Why is this exercise so hard? Because it is a mixture of probability, logic, abstraction, intuition, counter-intuition, all of which are hard skills.

Saturday, October 8, 2011

Pure Mathematics and the horror of numbers

He was a pure mathematician who used to work entirely with abstract symbols, but had now sunk so low that his latest report contained actual numbers, indeed numbers with decimal points; that (he pretended) was the ultimate disgrace!

The above extract is from the excellent "The Man Who Loved Only Numbers"

I laughed quite hard when I read this :)

Saturday, October 1, 2011

logarithm of large number - it is not about computation!

Computer programmers who have not studied Mathematics beyond elementary level, often trip over this one.

Perhaps you asked yourself one of these questions:
Why does Gnu Gmp library not have a logarithm function?

What is the natural log of a large number such as 6775471000000000?

Rules of logs - product and powers:

For calculating logarithms of gigantic numbers - the standard ANSI C library is probably all that you need.

That computational tool, needs to be supplemented, with two pieces of Mathematical knowledge as illustrated here:

Images courtesy of Wikipedia (Creative Commons Licensed)

The number I mentioned above 6775471000000000 is too large for entry into a school standard calculator. Ten digits or so is the most you can enter.

Rewrite the number as 6775471 times 'a thousand million' and go that way.

Using the product of logs rule (graphic above) and doing the two calculations we see that:

log(6775471) = 15.728819  to 6 decimal places


log(1,000,000,000) = 20.723266 to 6 decimal places

Add the two answers together gives 36.452085 to 6 decimal places

Alternatively for the second piece of the addition you could have used 9log(10) by utilising the second rule - power of logs.

But my number is huge and does not contain a long stream of zeros?

This is all about precision. Do you really need more than say 6 or 8 decimal places?

Avoid creating artificial conditions. Unless you are working with numerical methods and/or in Engineering, then you will probably answer NO to what I just asked.

So your number is 6775471 followed by another 75 digits (some zero some not)

If you only need 6 digits of precision in your answer, then it matters not what those 75 digits contain, simply pretend they are zero, and either adapt my method shown or...

...use the 2nd log rule from the image above.
( hint: You might want to use 75log(10) as part of your workings. )

Answer Guess: Around 187.nnnnnn sounds about right.

Prime number searching should not be limited to just Mathematicians


However looking up some rules of logarithms by reading this page or looking on Wikipedia is not hard.

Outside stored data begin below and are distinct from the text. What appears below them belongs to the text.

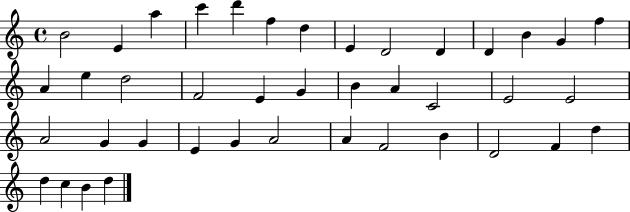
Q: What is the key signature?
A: C major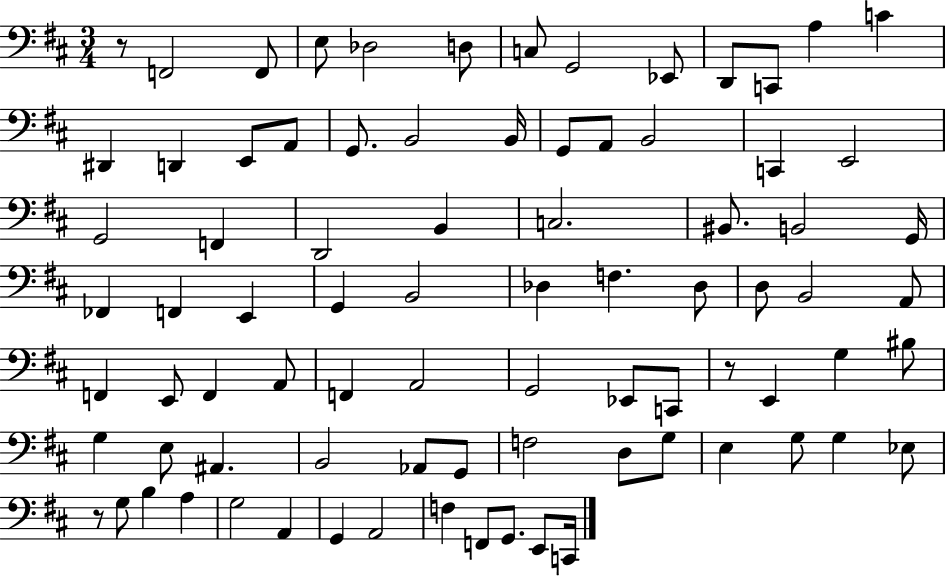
X:1
T:Untitled
M:3/4
L:1/4
K:D
z/2 F,,2 F,,/2 E,/2 _D,2 D,/2 C,/2 G,,2 _E,,/2 D,,/2 C,,/2 A, C ^D,, D,, E,,/2 A,,/2 G,,/2 B,,2 B,,/4 G,,/2 A,,/2 B,,2 C,, E,,2 G,,2 F,, D,,2 B,, C,2 ^B,,/2 B,,2 G,,/4 _F,, F,, E,, G,, B,,2 _D, F, _D,/2 D,/2 B,,2 A,,/2 F,, E,,/2 F,, A,,/2 F,, A,,2 G,,2 _E,,/2 C,,/2 z/2 E,, G, ^B,/2 G, E,/2 ^A,, B,,2 _A,,/2 G,,/2 F,2 D,/2 G,/2 E, G,/2 G, _E,/2 z/2 G,/2 B, A, G,2 A,, G,, A,,2 F, F,,/2 G,,/2 E,,/2 C,,/4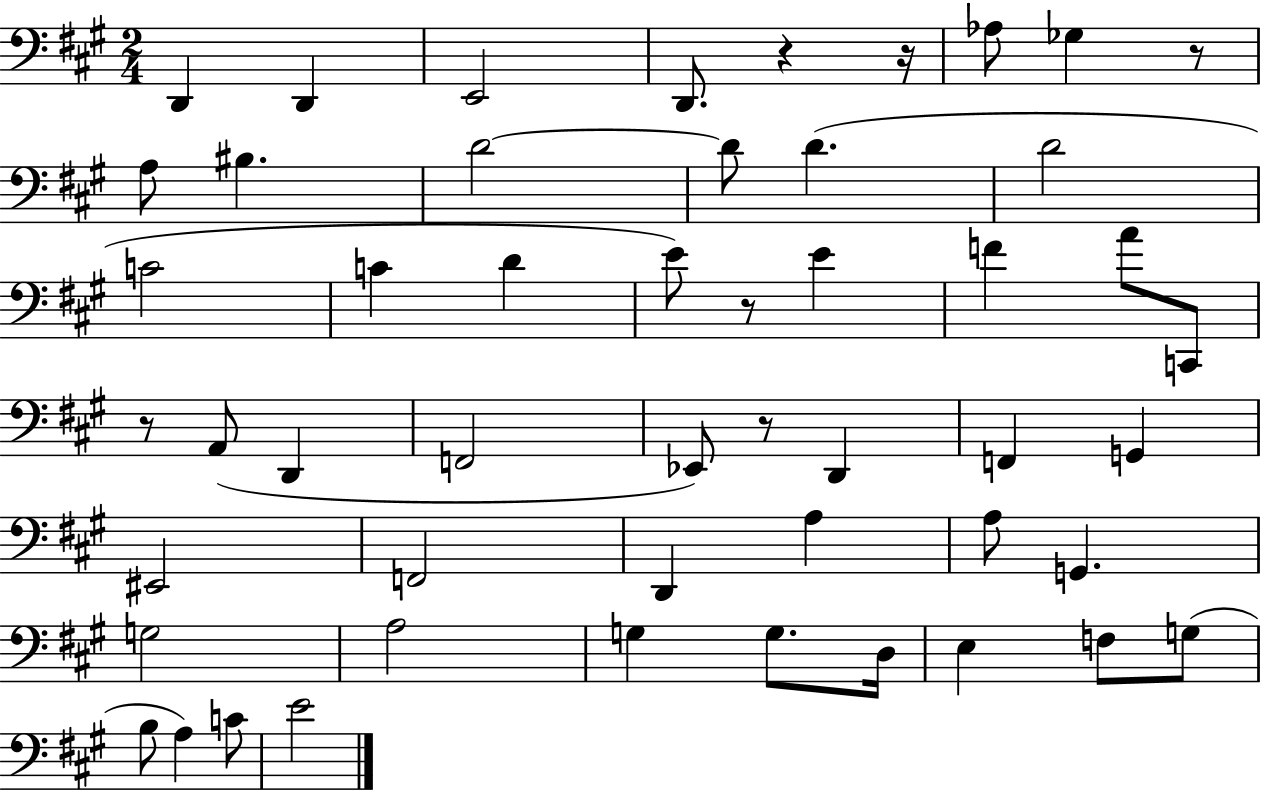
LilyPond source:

{
  \clef bass
  \numericTimeSignature
  \time 2/4
  \key a \major
  d,4 d,4 | e,2 | d,8. r4 r16 | aes8 ges4 r8 | \break a8 bis4. | d'2~~ | d'8 d'4.( | d'2 | \break c'2 | c'4 d'4 | e'8) r8 e'4 | f'4 a'8 c,8 | \break r8 a,8( d,4 | f,2 | ees,8) r8 d,4 | f,4 g,4 | \break eis,2 | f,2 | d,4 a4 | a8 g,4. | \break g2 | a2 | g4 g8. d16 | e4 f8 g8( | \break b8 a4) c'8 | e'2 | \bar "|."
}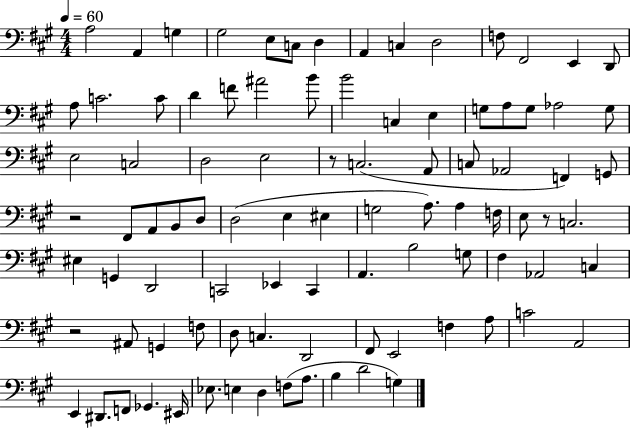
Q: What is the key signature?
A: A major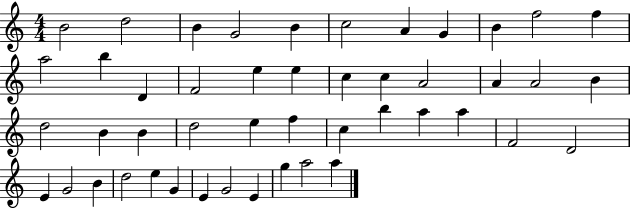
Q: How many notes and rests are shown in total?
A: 47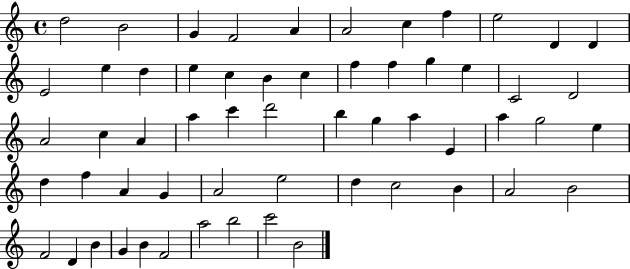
D5/h B4/h G4/q F4/h A4/q A4/h C5/q F5/q E5/h D4/q D4/q E4/h E5/q D5/q E5/q C5/q B4/q C5/q F5/q F5/q G5/q E5/q C4/h D4/h A4/h C5/q A4/q A5/q C6/q D6/h B5/q G5/q A5/q E4/q A5/q G5/h E5/q D5/q F5/q A4/q G4/q A4/h E5/h D5/q C5/h B4/q A4/h B4/h F4/h D4/q B4/q G4/q B4/q F4/h A5/h B5/h C6/h B4/h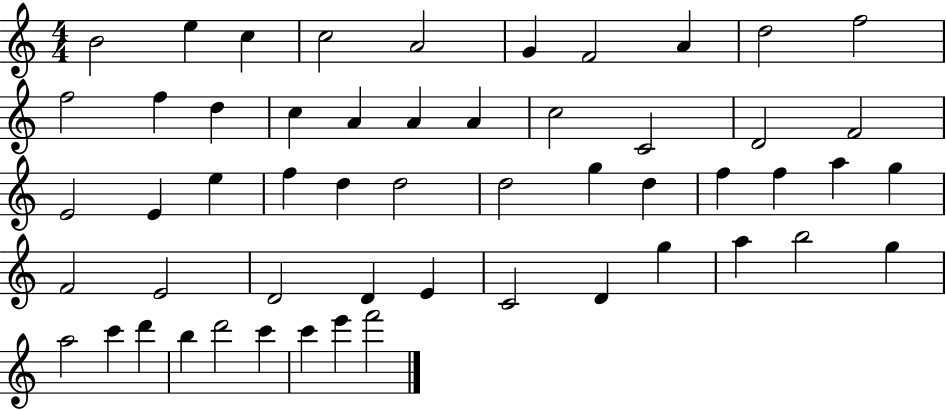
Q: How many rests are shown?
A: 0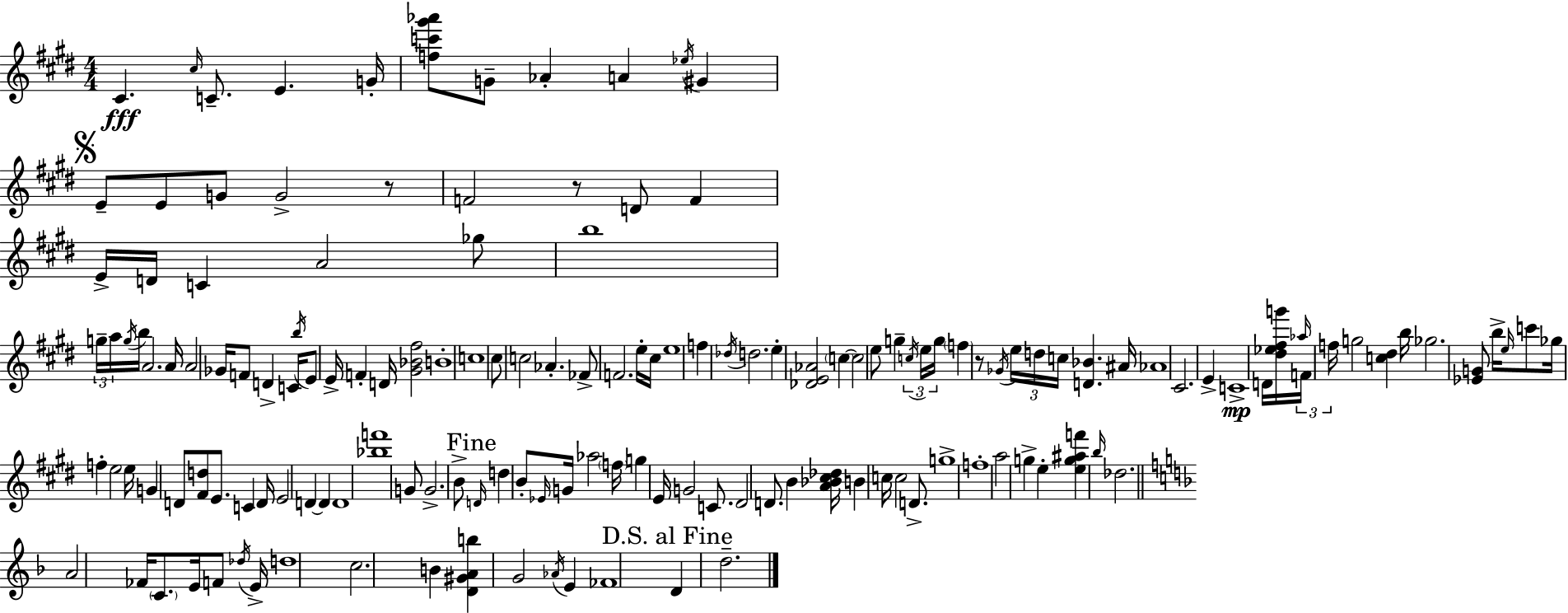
C#4/q. C#5/s C4/e. E4/q. G4/s [F5,C6,G#6,Ab6]/e G4/e Ab4/q A4/q Eb5/s G#4/q E4/e E4/e G4/e G4/h R/e F4/h R/e D4/e F4/q E4/s D4/s C4/q A4/h Gb5/e B5/w G5/s A5/s G5/s B5/s A4/h. A4/s A4/h Gb4/s F4/e D4/q C4/s B5/s E4/e E4/s F4/q D4/s [G#4,Bb4,F#5]/h B4/w C5/w C#5/e C5/h Ab4/q. FES4/e F4/h. E5/s C#5/s E5/w F5/q Db5/s D5/h. E5/q [Db4,E4,Ab4]/h C5/q C5/h E5/e G5/q C5/s E5/s G5/s F5/q R/e Gb4/s E5/s D5/s C5/s [D4,Bb4]/q. A#4/s Ab4/w C#4/h. E4/q C4/w D4/s [D#5,Eb5,F#5,G6]/s Ab5/s F4/s F5/s G5/h [C5,D#5]/q B5/s Gb5/h. [Eb4,G4]/e B5/s E5/s C6/e Gb5/s F5/q E5/h E5/s G4/q D4/e [F#4,D5]/e E4/e. C4/q D4/s E4/h D4/q D4/q D4/w [Bb5,F6]/w G4/e G4/h. B4/e D4/s D5/q B4/e Eb4/s G4/s Ab5/h F5/s G5/q E4/s G4/h C4/e. D#4/h D4/e. B4/q [A4,Bb4,C#5,Db5]/s B4/q C5/s C5/h D4/e. G5/w F5/w A5/h G5/q E5/q [E5,G5,A#5,F6]/q B5/s Db5/h. A4/h FES4/s C4/e. E4/s F4/e Db5/s E4/s D5/w C5/h. B4/q [D4,G#4,A4,B5]/q G4/h Ab4/s E4/q FES4/w D4/q D5/h.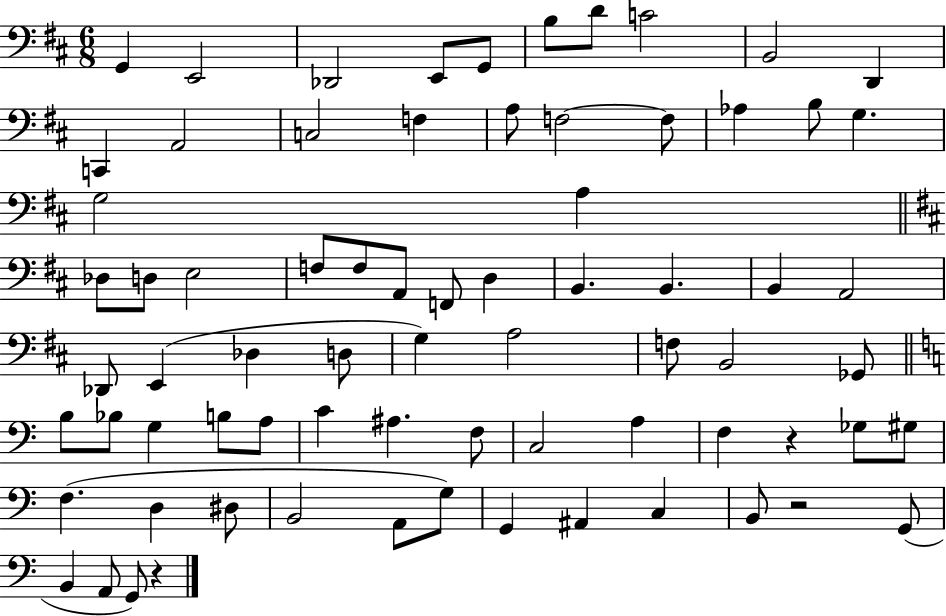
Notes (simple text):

G2/q E2/h Db2/h E2/e G2/e B3/e D4/e C4/h B2/h D2/q C2/q A2/h C3/h F3/q A3/e F3/h F3/e Ab3/q B3/e G3/q. G3/h A3/q Db3/e D3/e E3/h F3/e F3/e A2/e F2/e D3/q B2/q. B2/q. B2/q A2/h Db2/e E2/q Db3/q D3/e G3/q A3/h F3/e B2/h Gb2/e B3/e Bb3/e G3/q B3/e A3/e C4/q A#3/q. F3/e C3/h A3/q F3/q R/q Gb3/e G#3/e F3/q. D3/q D#3/e B2/h A2/e G3/e G2/q A#2/q C3/q B2/e R/h G2/e B2/q A2/e G2/e R/q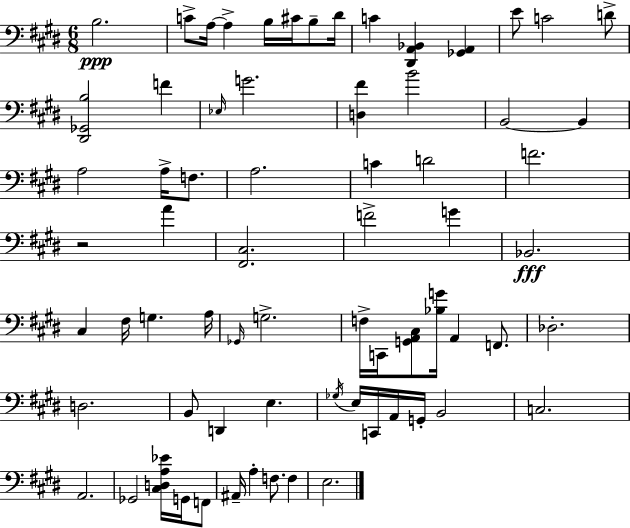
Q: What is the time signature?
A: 6/8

So quit moaning that 'such and such a library' does not have a function for logarithms of huge integers, and take five minutes to do a little addition and subtraction.

Often Ansi C coders first go searching for log() of huge integer functions, when they are writing prime number search programs, which is why I mention it.

Notes and Further Reading:

Laws of Logarithms is part of the "Core 2 (C2)" Curriculum for post compulsory education in the UK (A level) .

If you studied Engineering at University, then you will have encountered Laws of Logarithms twice - once as part of 'A Level' Mathematics, and once as part of your Engineering course.

All the Logarithms in this article are 'Natural Log'. Your calculator might show that as 'ln' depending on the brand.

The Laws of Logarithms apply similarly to base 10 logs - but you would obtain different decimal answers, than those tabulated above.

The Index page for that C2 book shows pages 43 and 44 cover 'multiplication law' & 'power law' for Logarithms.